Qu’est-il possible de faire désormais ? Lahire ne se contente pas d’une critique dévastatrice (et convaincante), il propose des pistes d’infléchissement. La charpente de son argumentation peut être résumée par le titre donné à un développement : « Prendre le temps ». Celui d’explorer, de « patauger » « avant de pouvoir commencer à comprendre », en somme de « s’arracher au flux incessant des sollicitations extérieures pour pouvoir se dédier entièrement à la création ». Bien entendu, un tel état d’esprit a besoin pour s’épanouir d’une autre organisation du travail scientifique. Son principe a été énoncé par Marc Bloch en 1928 : substituer à l’esprit de compétition celui de coopération. Dans le détail, il s’agit d’allier les compétences de ceux qui produisent de remarquables travaux spécialisés et de ceux qui réalisent des percées théorico-empiriques synthétiques : les uns, nous dit l’auteur, ne seraient rien sans les autres.
L’exemple de Darwin est éclairant : aurait-il pu proposer la théorie que chacun connait sans les faits de natures très différentes établis par des centaines de chercheurs avant lui ? Comme il l’avait fait dans La part rêvée puis dans Vers une science sociale du vivant, Lahire réhabilite, à juste titre, les travaux de seconde main. Le « fétichisme de la première main » n’est-il pas un obstacle à la cumulativité scientifique et aussi comme le signe d’un manque fondamental de confiance à l’égard des travaux réalisés par d’autres que soi ? Il convient, de surcroît, dans ce cadre coopératif, de réhabiliter le travail comparatif, là encore comme Bloch le préconisait il y a près d’un siècle.

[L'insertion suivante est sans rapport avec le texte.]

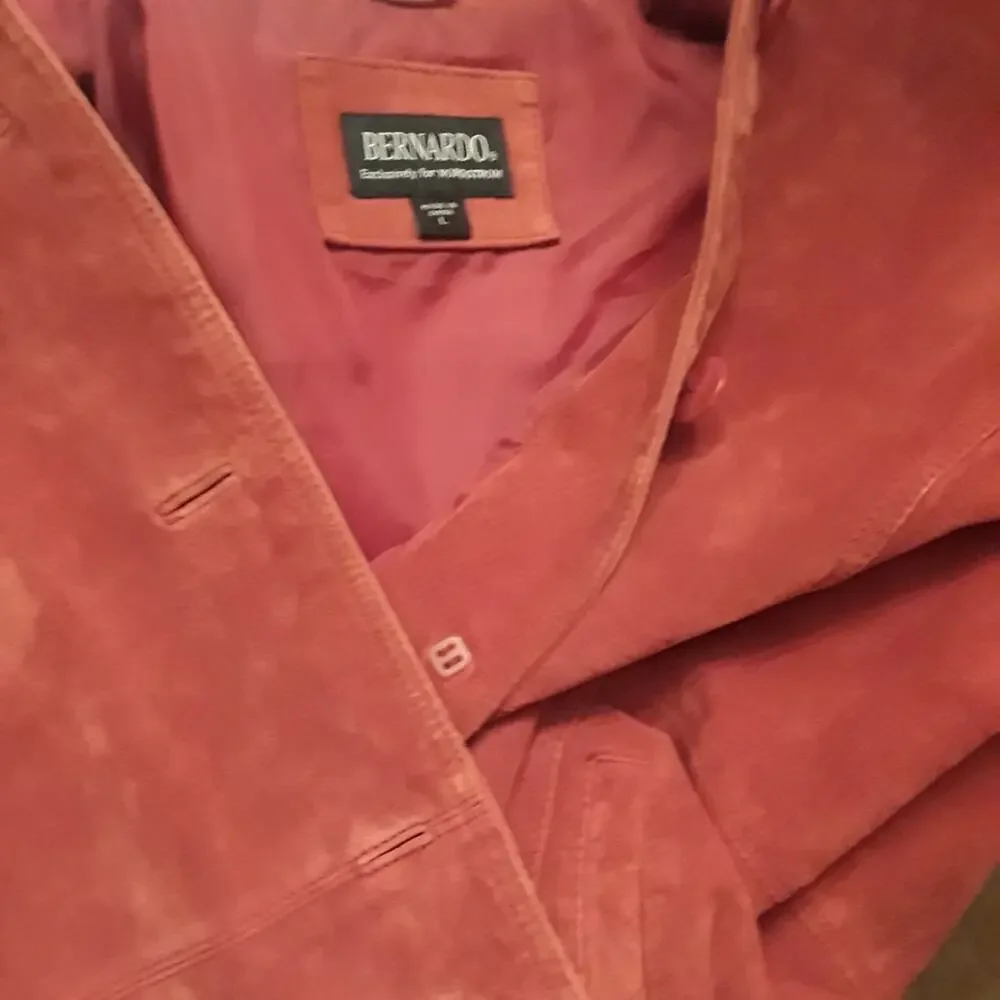 BERNARDO Vintage Red Leather Suede Coat Size L Hip Length Blazer Style Jacket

Enfin, se plaçant sous les auspices d’Alexandre Grothendieck (auquel il se réfère fréquemment), Lahire rappelle qu’il est nécessaire de résister pour créer. Résister à quoi ? Aux « forces de dispersion internes ou externes au milieu académique », mais aussi « aux modes scientifiques du moment, aux autorités et aux consensus établis, aux injonctions à regarder seulement là où le monde dit de regarder […], aux tentatives plus ou moins explicites de découragement et d’intimidation, à l’enfermement dans une spécialité ou une discipline ». Il est difficile, en lisant ces pertinentes recommandations, de ne pas songer aux réactions provoquées dans une grande partie de la communauté des sociologues par la tentative de l’auteur de questionner l’épistémologie dominante, constructiviste et nominaliste, dans les sciences sociales contemporaines. Nombreux, en effet, furent ceux qui choisirent, plutôt que l’analyse critique, le rejet sans examen et qui bafouèrent ainsi les principes énoncés dans le présent ouvrage.
La guerre contre la science, menée de façon ouverte dans l’Amérique de Donald Trump, n’épargne pas notre pays. Elle a rarement rencontré aussi peu de résistance, tant l’indifférence, voire la complicité, des décideurs politiques et des médias est grande. S’en prendre aux institutions du savoir, c’est pourtant affaiblir l’ensemble des groupes humains, c’est diminuer « nos capacités collectives de défense et de survie ».
En définitive, un livre nécessaire, à l’écriture aussi claire qu’élégante et à l’argumentation aussi rigoureuse que convaincante, à destination de tous et, tout particulièrement, de celles et ceux qui s’acharnent, depuis trop longtemps, à détruire (en toute conscience ?) le goût d’apprendre, autrement dit l’essence même de l’humanité.